Internal Environment: The conditions, entities, events, and factors within an organization that influence its activities and choices, particularly the behavior of the employees.

Trajectory: A curve that intersects all of a family of curves or surfaces at a constant angle to track a scanned object.

Environmental Scanning: Defined as ‘the study and interpretation of the political, economic, social and technological events and trends which influence a business, an organization or even a total market.

SWOT Analysis: The SWOT analysis is one of several strategic planning tools that are used by businesses and other organizations to ensure that there is a clear objective defined for the project or venture, and that all factors related to the effort, both positive and negative, are identified and addressed. In order to accomplish this task, the process involves four areas of consideration: strengths, weaknesses, opportunities, and threats.

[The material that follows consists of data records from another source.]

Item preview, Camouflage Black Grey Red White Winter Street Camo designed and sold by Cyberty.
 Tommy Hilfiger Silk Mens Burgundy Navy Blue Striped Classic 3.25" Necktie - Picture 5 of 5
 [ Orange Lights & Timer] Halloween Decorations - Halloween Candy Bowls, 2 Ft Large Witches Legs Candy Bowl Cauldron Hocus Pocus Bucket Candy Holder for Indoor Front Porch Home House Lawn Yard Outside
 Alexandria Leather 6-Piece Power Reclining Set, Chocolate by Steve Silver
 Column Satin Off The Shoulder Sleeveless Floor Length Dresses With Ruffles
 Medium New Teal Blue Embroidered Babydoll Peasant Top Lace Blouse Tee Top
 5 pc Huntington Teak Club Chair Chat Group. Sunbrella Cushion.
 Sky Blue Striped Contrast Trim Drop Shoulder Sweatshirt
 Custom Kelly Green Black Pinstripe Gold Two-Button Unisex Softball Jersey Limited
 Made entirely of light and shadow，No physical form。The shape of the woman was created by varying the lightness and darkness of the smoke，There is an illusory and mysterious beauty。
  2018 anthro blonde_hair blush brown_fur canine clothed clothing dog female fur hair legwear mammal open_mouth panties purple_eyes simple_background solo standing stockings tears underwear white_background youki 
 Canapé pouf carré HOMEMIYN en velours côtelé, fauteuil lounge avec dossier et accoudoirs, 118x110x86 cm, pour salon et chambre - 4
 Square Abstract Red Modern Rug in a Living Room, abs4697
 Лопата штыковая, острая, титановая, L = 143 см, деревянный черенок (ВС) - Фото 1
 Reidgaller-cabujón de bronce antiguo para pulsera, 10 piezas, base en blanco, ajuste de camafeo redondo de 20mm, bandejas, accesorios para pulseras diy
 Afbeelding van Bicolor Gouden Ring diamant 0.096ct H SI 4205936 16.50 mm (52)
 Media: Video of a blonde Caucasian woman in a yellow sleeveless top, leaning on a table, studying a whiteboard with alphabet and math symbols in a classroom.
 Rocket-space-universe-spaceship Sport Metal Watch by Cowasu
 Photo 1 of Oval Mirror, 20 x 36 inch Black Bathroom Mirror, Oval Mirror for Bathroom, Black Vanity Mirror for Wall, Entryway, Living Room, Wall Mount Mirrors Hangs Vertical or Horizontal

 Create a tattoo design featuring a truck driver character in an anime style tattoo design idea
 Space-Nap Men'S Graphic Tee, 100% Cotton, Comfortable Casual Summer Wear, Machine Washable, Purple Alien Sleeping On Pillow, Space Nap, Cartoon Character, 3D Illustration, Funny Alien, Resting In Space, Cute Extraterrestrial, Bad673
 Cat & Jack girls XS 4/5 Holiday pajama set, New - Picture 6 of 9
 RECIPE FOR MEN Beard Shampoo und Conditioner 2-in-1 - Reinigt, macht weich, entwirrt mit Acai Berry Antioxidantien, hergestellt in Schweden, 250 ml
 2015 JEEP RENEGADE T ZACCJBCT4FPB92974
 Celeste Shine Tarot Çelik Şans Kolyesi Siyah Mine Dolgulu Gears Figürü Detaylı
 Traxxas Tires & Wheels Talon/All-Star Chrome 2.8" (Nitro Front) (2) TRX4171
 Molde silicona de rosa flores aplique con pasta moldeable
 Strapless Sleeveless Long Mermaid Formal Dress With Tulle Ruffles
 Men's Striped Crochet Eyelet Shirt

STEEP: Natural forces alterations in the social, technological, economic, environmental, and political sectors affect organizations directly and indirectly.

Strategic Planning: Is an organizational management activity that is used to set priorities, focus energy and resources, strengthen operations, ensure that employees and other stakeholders working toward common goals.

Corporate Social Responsibility(CSR): A process with the aim to embrace responsibility for the company's actions and encourage a positive impact through its activities on the environment, consumers, employees, communities, stakeholders and all other members of the public sphere who may also be considered as stakeholders.